• _ABOUT THIS EXERCISE_: Retype all the records below exactly as they are, with no image carried over.

MATERIALS PROVIDED section start

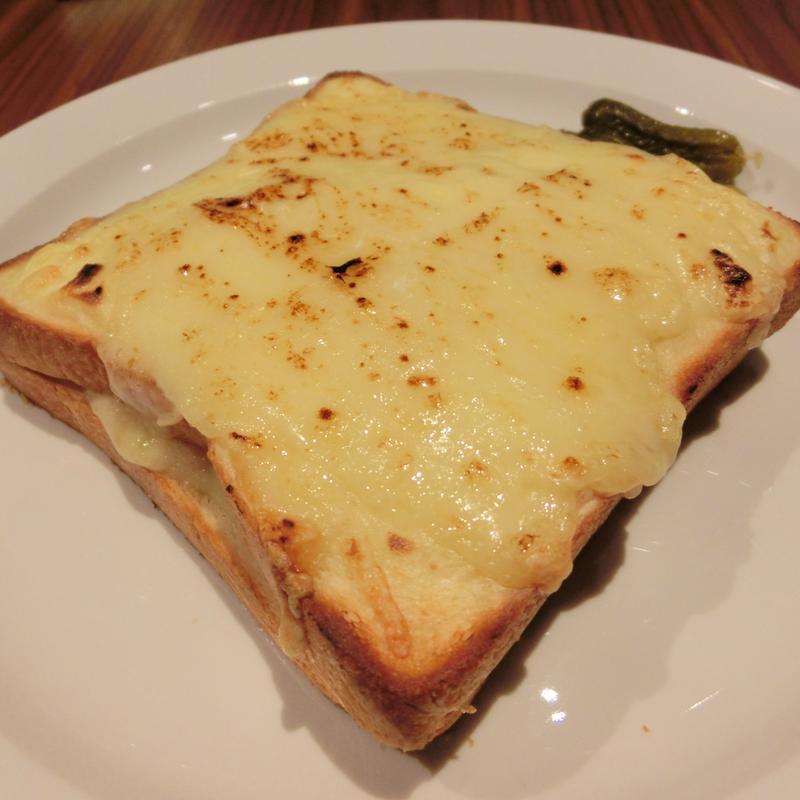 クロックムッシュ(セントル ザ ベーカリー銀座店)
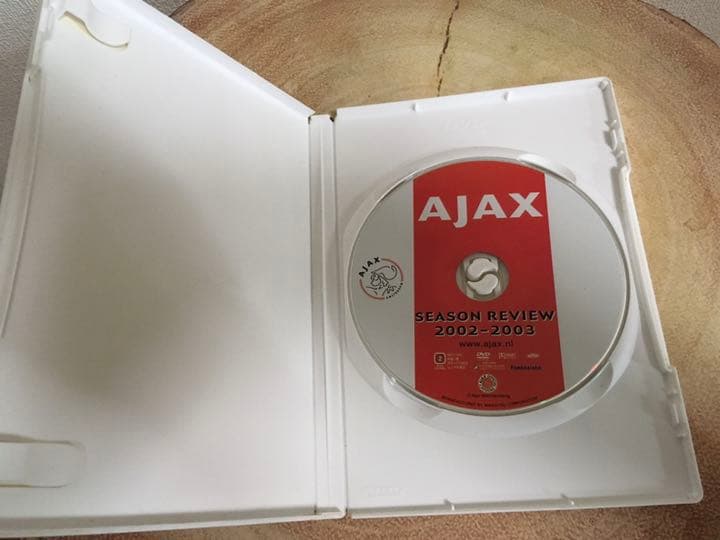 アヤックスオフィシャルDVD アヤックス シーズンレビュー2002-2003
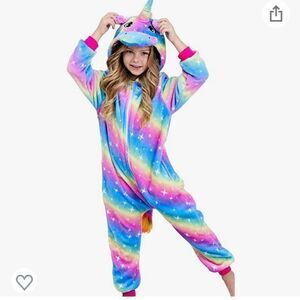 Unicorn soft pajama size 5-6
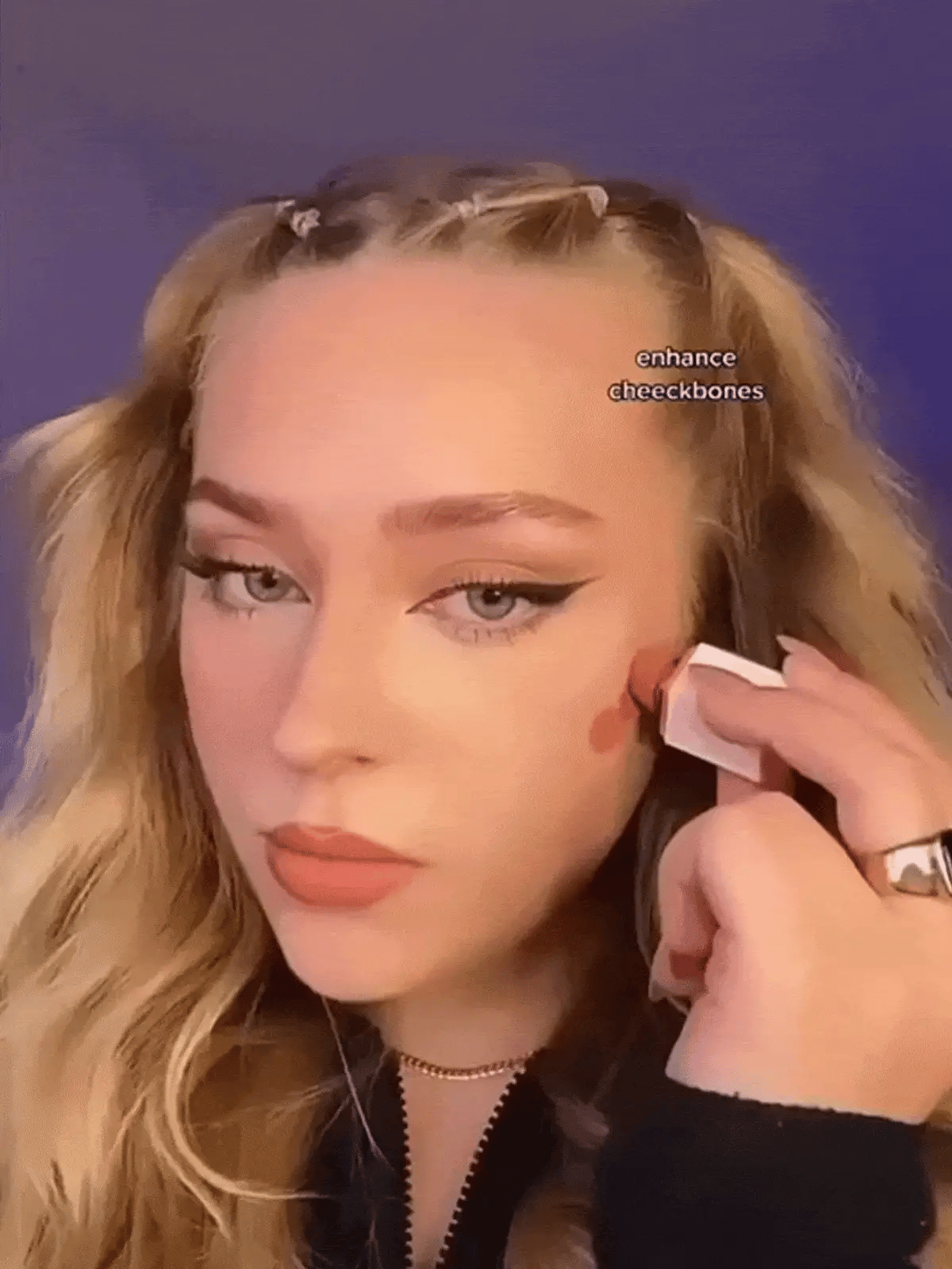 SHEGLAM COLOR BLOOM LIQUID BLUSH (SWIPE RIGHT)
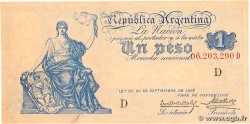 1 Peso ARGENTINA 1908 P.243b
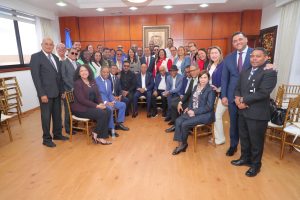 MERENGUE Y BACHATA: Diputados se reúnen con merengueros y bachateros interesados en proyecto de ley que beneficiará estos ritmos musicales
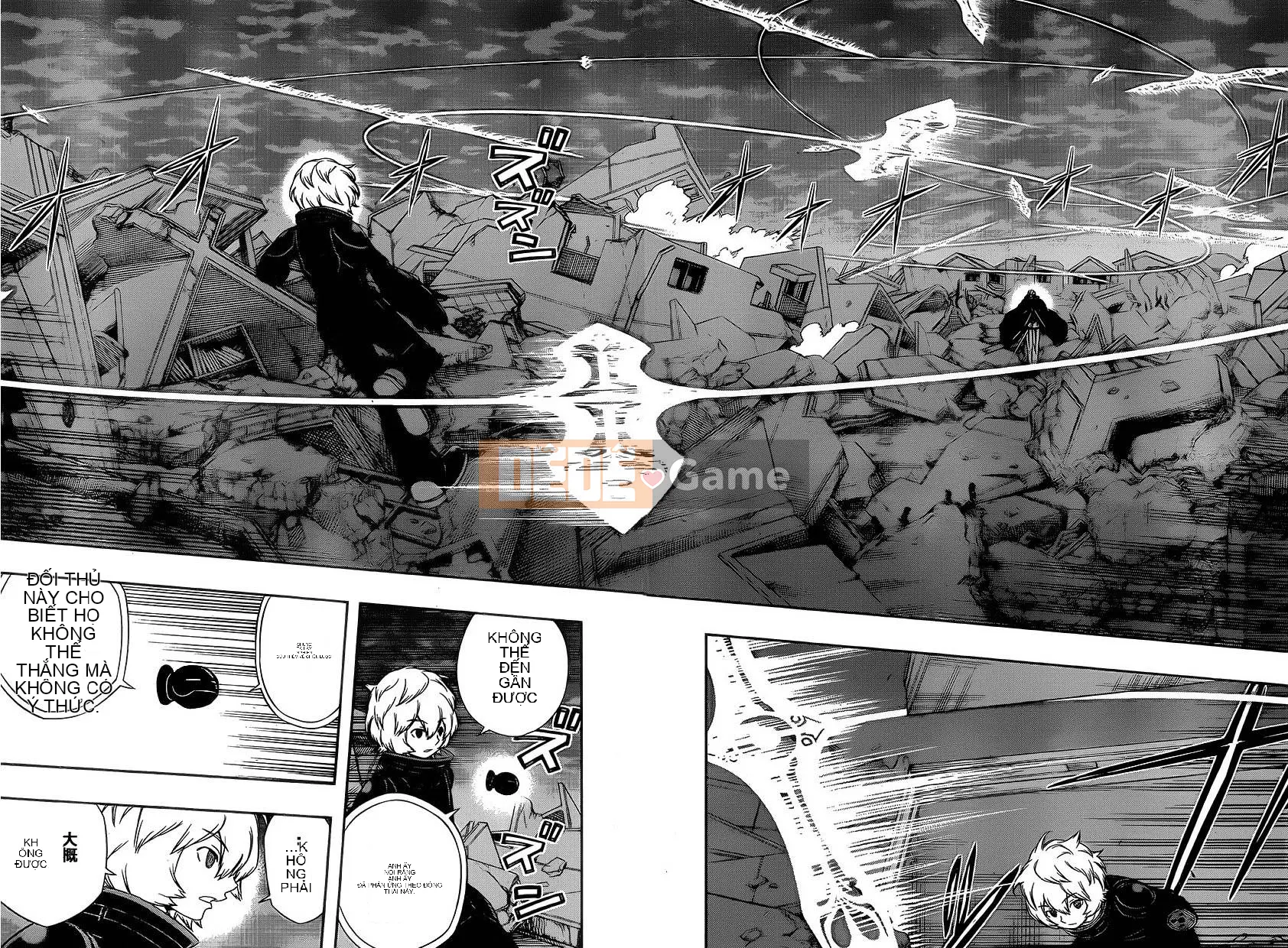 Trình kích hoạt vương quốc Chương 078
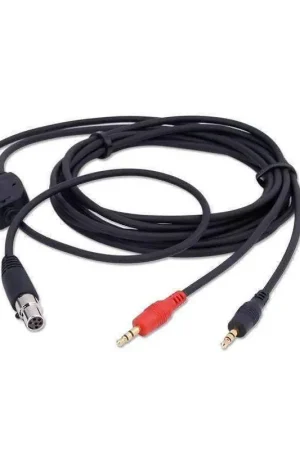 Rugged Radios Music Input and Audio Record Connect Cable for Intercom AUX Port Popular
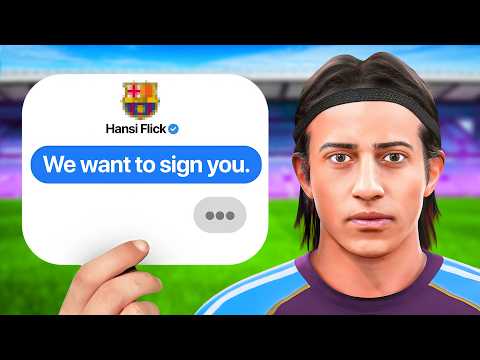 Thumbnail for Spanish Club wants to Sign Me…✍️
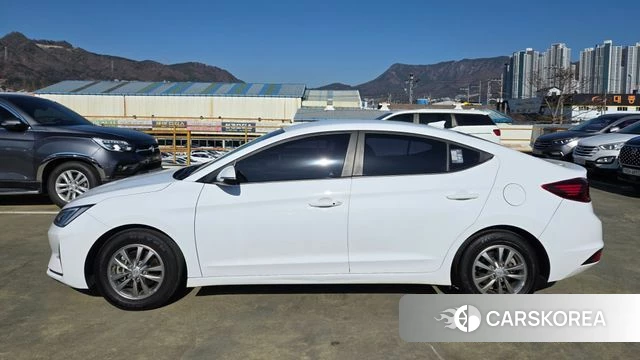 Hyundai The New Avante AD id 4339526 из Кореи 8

MATERIALS PROVIDED section end

• _RESPONSE BELOW_:
 クロックムッシュ(セントル ザ ベーカリー銀座店)
 アヤックスオフィシャルDVD アヤックス シーズンレビュー2002-2003
 Unicorn soft pajama size 5-6
 SHEGLAM COLOR BLOOM LIQUID BLUSH (SWIPE RIGHT)
 1 Peso ARGENTINA 1908 P.243b
 MERENGUE Y BACHATA: Diputados se reúnen con merengueros y bachateros interesados en proyecto de ley que beneficiará estos ritmos musicales
 Trình kích hoạt vương quốc Chương 078
 Rugged Radios Music Input and Audio Record Connect Cable for Intercom AUX Port Popular
 Thumbnail for Spanish Club wants to Sign Me…✍️
 Hyundai The New Avante AD id 4339526 из Кореи 8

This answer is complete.